Design of a Visual Pose Estimation Algorithm for Moon Landing

TL;DR

This paper proposes a terrain-based absolute navigation algorithm for lunar landings that estimates spacecraft position and attitude by matching crater images to a database, improving landing precision.

Contribution

It introduces a crater-based terrain navigation method that bypasses image processing, focusing on estimation accuracy and crater count effects through simulations.

Findings

Algorithm achieves accurate position and attitude estimation.

Increased crater count improves estimation accuracy.

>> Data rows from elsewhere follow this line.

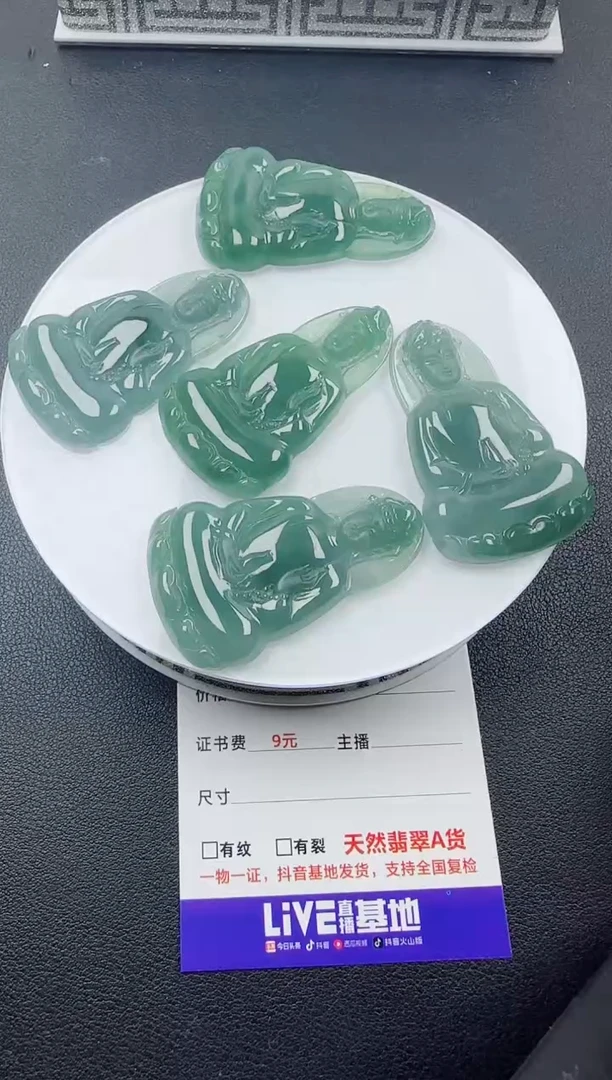 【闪购商品】翡翠颈饰未镶嵌翡翠素衣观音（多样性发其一）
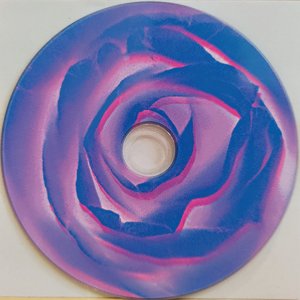 A Cast of Flowers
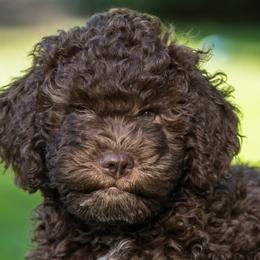 Belina - Brown Lagotto Romagnolo puppy in Silverton, Oregon from Briarwood Lagotto Romagnolos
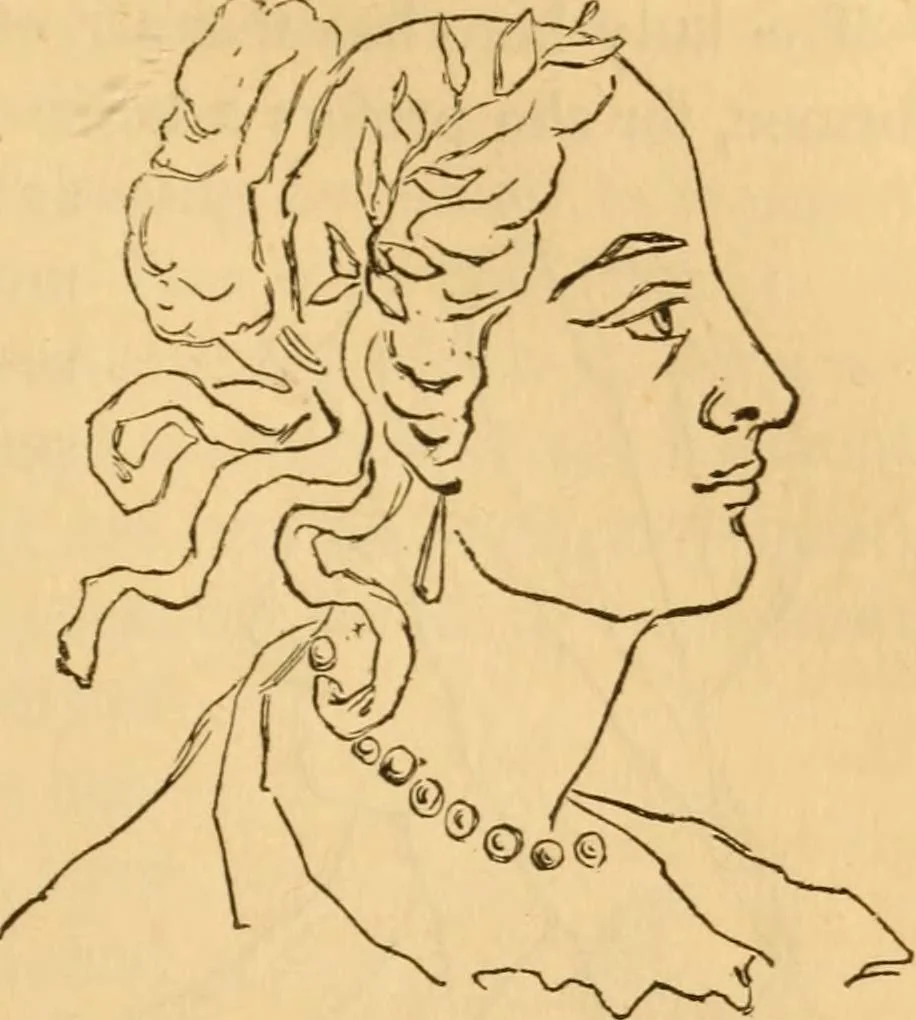 An illustration from Comparative physiognomy; or, Resemblances between men and animals, 1852, leaf 138
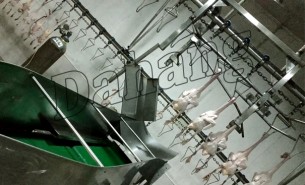 白條鴨重量分選機領(lǐng)域加工行業(yè)的技術(shù)革新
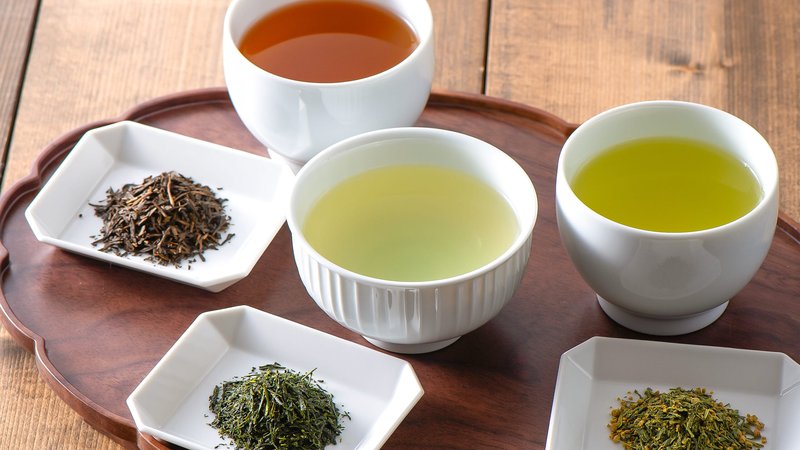 sencha tea new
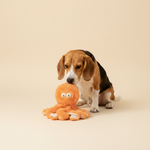 FuzzYard Toy - Nasties Flat out - Sir Legs A Lot The Octopus — lifestyle met hond | The Snuffle Studio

Simulation results demonstrate robustness of the method.

Abstract

In order to make a pinpoint landing on the Moon, the spacecraft's navigation system must be accurate. To achieve the desired accuracy, navigational drift caused by the inertial sensors must be corrected. One way to correct this drift is to use absolute navigation solutions. In this study, a terrain absolute navigation method to estimate the spacecraft's position and attitude is proposed. This algorithm uses the position of the craters below the spacecraft for estimation. Craters seen by the camera onboard the spacecraft are detected and identified using a crater database known beforehand. In order to focus on estimation algorithms, image processing and crater matching steps are skipped. The accuracy of the algorithm and the effect of the crater number used for estimation are inspected by performing simulations.